Cannabinoids for Glaucoma
This page was enrolled in the Residents and Fellows contest.
- 1 Introduction
- 2 Mechanism of Action
- 3 Formulations & Routes of Administration
- 4 Summary of the Current Evidence
- 5 Limitations
- 6 Side Effect Profile
- 7 Conclusions
- 8 Additional Resources
- 9 References
Role of IOP-lowering in treatment of glaucoma
The aqueous humor is a clear fluid that maintains the integrity of the eye. It is produced by the ciliary body and passes through the trabecular meshwork and Schlemm’s canal. Intraocular pressure (IOP) is determined by the amount of aqueous humor secreted, coupled with the rate of clearance from the eye. An elevated IOP leads to optic nerve deterioration and associated irreversible functional vision loss.
While glaucoma does not always present with an elevated IOP, it does represent a modifiable risk factor in all cases of the disease. Indeed, management of IOP has proven to be key in the treatment of glaucoma, as demonstrated by the results of the Ocular Hypertension Treatment Study (OHTS) in 2002 and the Early Manifest Glaucoma Trial (EMGT) in 1999. In the OHTS, the experimental group was instructed to use eyedrops only, while the EMGT participants received a combined treatment consisting of topical drug therapy and trabeculectomy. In both cases, lowering of IOP hindered the onset or progression of open angle glaucoma. All participants who underwent hypotensive therapy in the EMGT—regardless of demographics or disease status—benefitted. Reducing IOP by 25% translated into a 50% reduction in the risk of glaucoma worsening.
Potential general medical indications for medicinal marijuana
Cannabinoids are compounds derived from the flower of the cannabis plant that act on specialized receptors in the endocannabinoid system (ECS), which is integrated throughout the human body. Although known for its recreational use, studies have demonstrated marijuana’s ability to serve various medicinal purposes. Medical marijuana has been utilized to subdue the effects of nausea and emesis associated with chemotherapy in cancer patients. Cannabis has also shown to be efficacious in minimizing the symptoms of nausea and diminished appetite in HIV positive individuals. Moreover, marijuana has effectively alleviated both chronic and neuropathic pain, allaying the hallmark spasticity of multiple sclerosis as well as sensory neuropathy secondary to HIV infection.
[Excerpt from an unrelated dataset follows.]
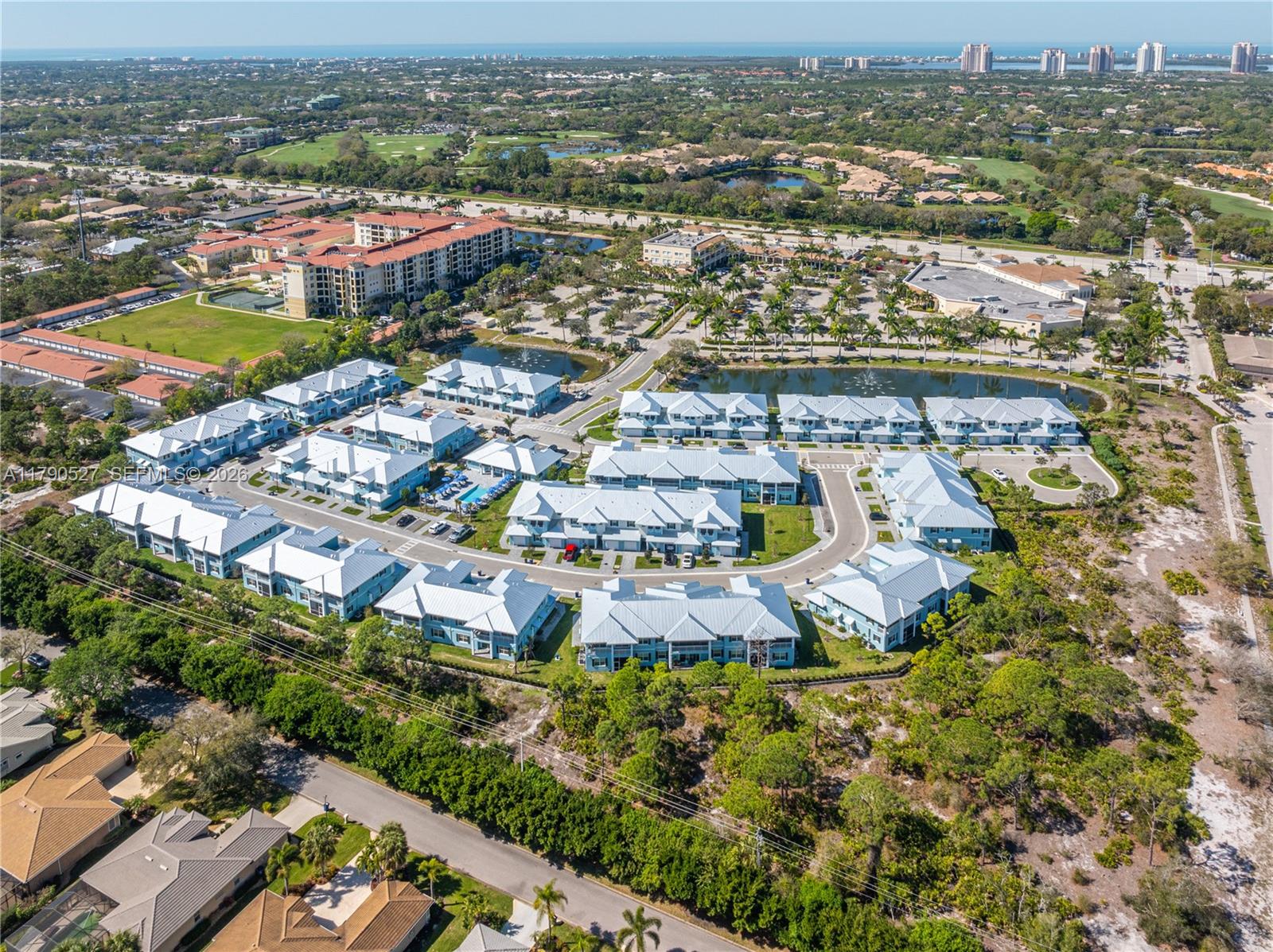 Villa Mar Bonita Beach - Residential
Proposed role of cannabinoids in glaucoma treatment
Medicinal marijuana has been cited in the treatment of glaucoma by acting on the ECS to reduce IOP, as well provide neuroprotection to the retinal ganglion cells. The cannabinoid selected, the mode of administration, and the adverse side effects are factors that alter the efficacy of this potentially useful ocular hypotensive agent.
Mechanism of Action
One intrinsic way in which the IOP can be altered is through the endocannabinoid system (ECS), which is integrated throughout the eye. Two commonly studied endocannabinoids are 2-AG and AEA, whose precursor is arachidonic acid. These endogenous species bind at the cannabinoid receptor 1 (CB1) present in ciliary body, trabecular meshwork, and Schlemm’s canal2. Additionally, endocannibinoids act on various noncannabinoid receptors found in the cornea, iris, and ciliary epithelium. These compounds are routinely metabolized: 2-Ag is degraded by monoacylglycerol lipase (MAG-L) and AEA is degraded by fatty acid amide hydroxylase (FAAH).2 Notably, both 2-AG and AEA are degraded by cyclooxygenase-2 (COX-2).
The ECS is normally activated after trauma or during other inflammatory processes with the purpose of mediating against cellular injury. Improper functioning of the ECS leads to maladies such as Parkinson’s disease and Alzheimer’s disease.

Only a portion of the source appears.